Caption-style text data:
========

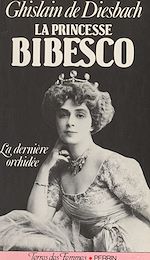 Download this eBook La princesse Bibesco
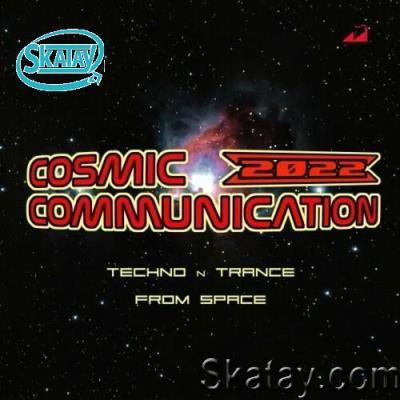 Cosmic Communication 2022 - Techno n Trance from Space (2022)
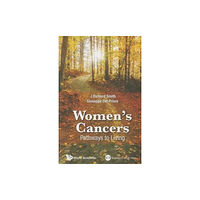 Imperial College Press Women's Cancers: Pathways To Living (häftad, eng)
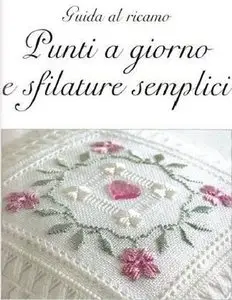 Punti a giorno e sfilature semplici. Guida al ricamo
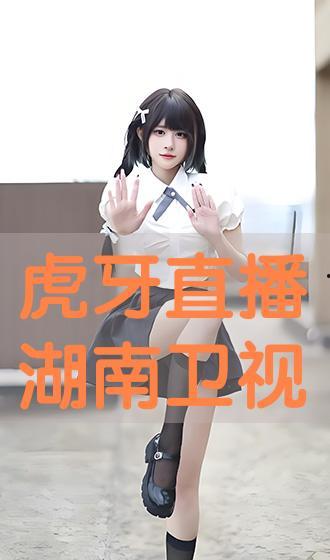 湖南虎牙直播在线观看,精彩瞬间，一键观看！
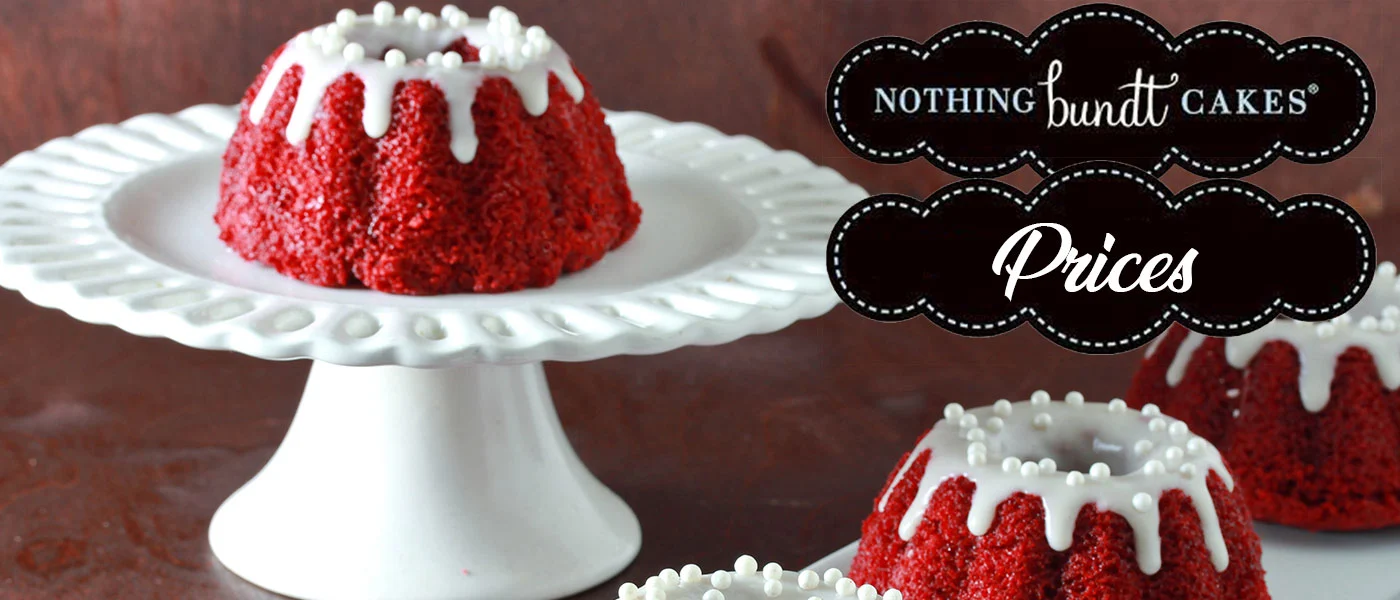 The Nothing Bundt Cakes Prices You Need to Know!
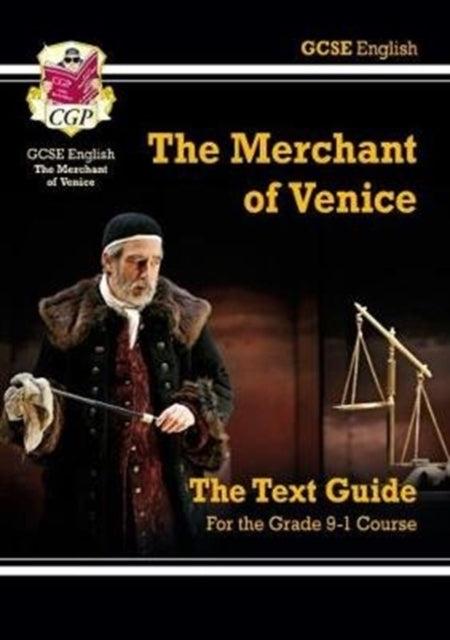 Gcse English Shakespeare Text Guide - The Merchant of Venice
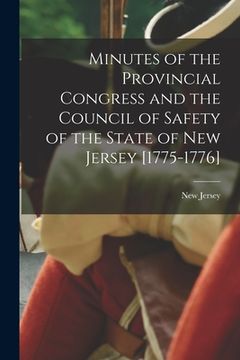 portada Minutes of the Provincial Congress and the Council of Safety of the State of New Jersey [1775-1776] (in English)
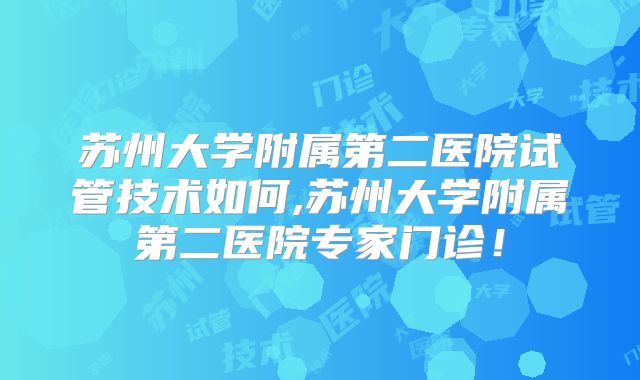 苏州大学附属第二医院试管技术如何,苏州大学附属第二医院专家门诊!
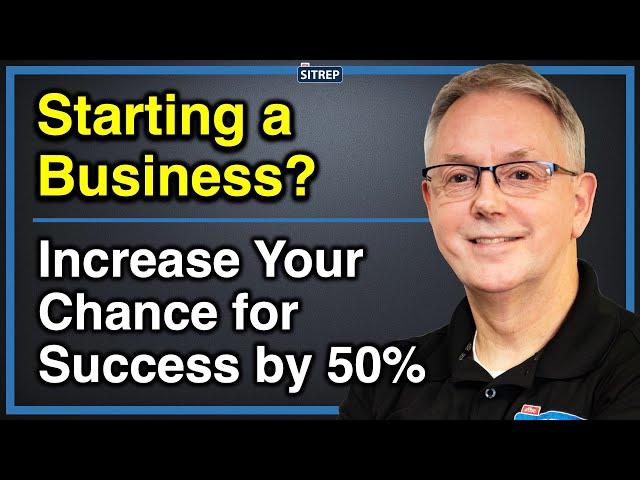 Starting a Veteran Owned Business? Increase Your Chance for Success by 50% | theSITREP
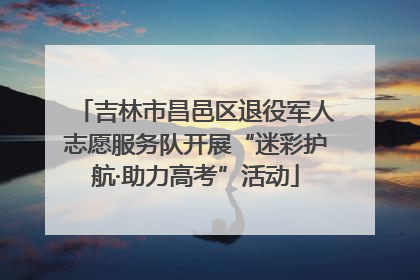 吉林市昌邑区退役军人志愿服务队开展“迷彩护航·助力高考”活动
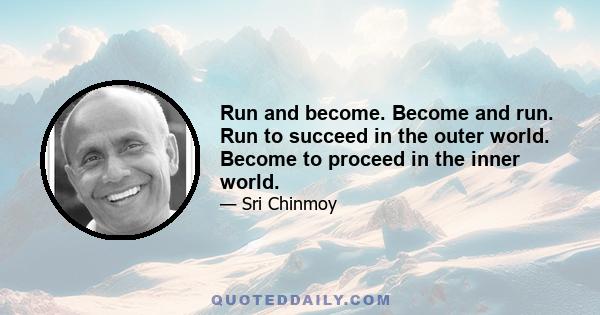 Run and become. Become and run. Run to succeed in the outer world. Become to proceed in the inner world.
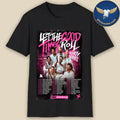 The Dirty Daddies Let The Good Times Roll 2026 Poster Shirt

========

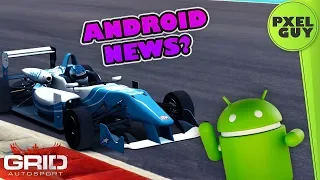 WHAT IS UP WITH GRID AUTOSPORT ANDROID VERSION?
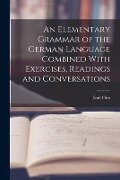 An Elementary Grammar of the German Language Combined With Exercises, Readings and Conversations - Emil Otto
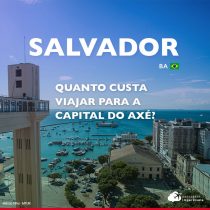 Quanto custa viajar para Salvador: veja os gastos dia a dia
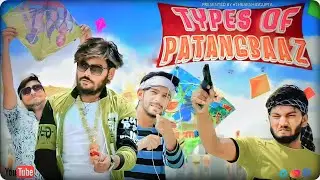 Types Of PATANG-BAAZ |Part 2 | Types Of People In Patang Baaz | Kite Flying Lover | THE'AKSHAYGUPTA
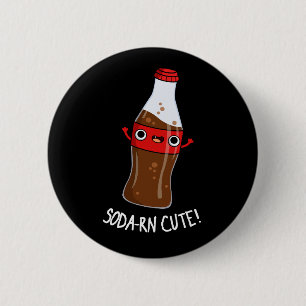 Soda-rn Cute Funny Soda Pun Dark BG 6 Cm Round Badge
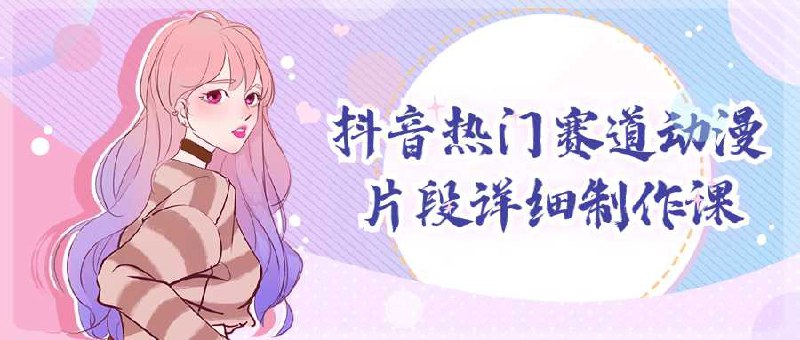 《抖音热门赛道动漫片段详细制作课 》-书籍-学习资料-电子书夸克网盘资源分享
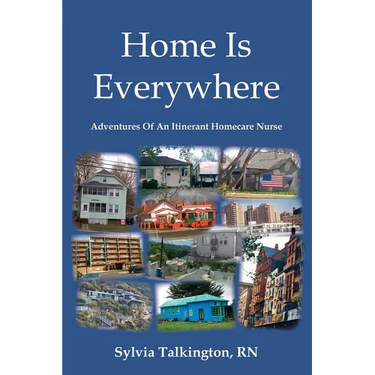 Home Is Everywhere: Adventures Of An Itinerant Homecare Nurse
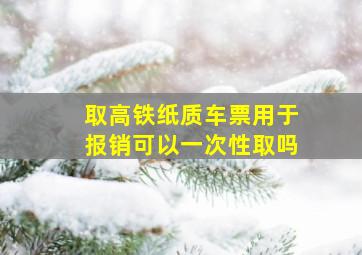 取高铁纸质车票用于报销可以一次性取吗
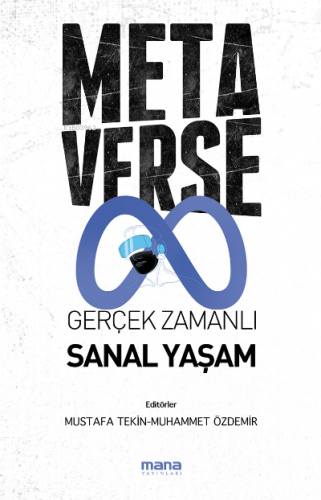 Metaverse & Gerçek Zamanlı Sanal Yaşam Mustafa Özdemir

========

PROBLEM DETAILS: What are the lines above from the one with "Download this eBook La princesse Bibesco" to the one with "The Dirty Daddies", both included? Reproduce them exactly, without pictures.

ANSWER TO THE PROBLEM:
 Download this eBook La princesse Bibesco
 Cosmic Communication 2022 - Techno n Trance from Space (2022)
 Imperial College Press Women's Cancers: Pathways To Living (häftad, eng)
 Punti a giorno e sfilature semplici. Guida al ricamo
 湖南虎牙直播在线观看,精彩瞬间，一键观看！
 The Nothing Bundt Cakes Prices You Need to Know!
 Gcse English Shakespeare Text Guide - The Merchant of Venice
 portada Minutes of the Provincial Congress and the Council of Safety of the State of New Jersey [1775-1776] (in English)
 苏州大学附属第二医院试管技术如何,苏州大学附属第二医院专家门诊!
 Starting a Veteran Owned Business? Increase Your Chance for Success by 50% | theSITREP
 吉林市昌邑区退役军人志愿服务队开展“迷彩护航·助力高考”活动
 Run and become. Become and run. Run to succeed in the outer world. Become to proceed in the inner world.
 The Dirty Daddies Let The Good Times Roll 2026 Poster Shirt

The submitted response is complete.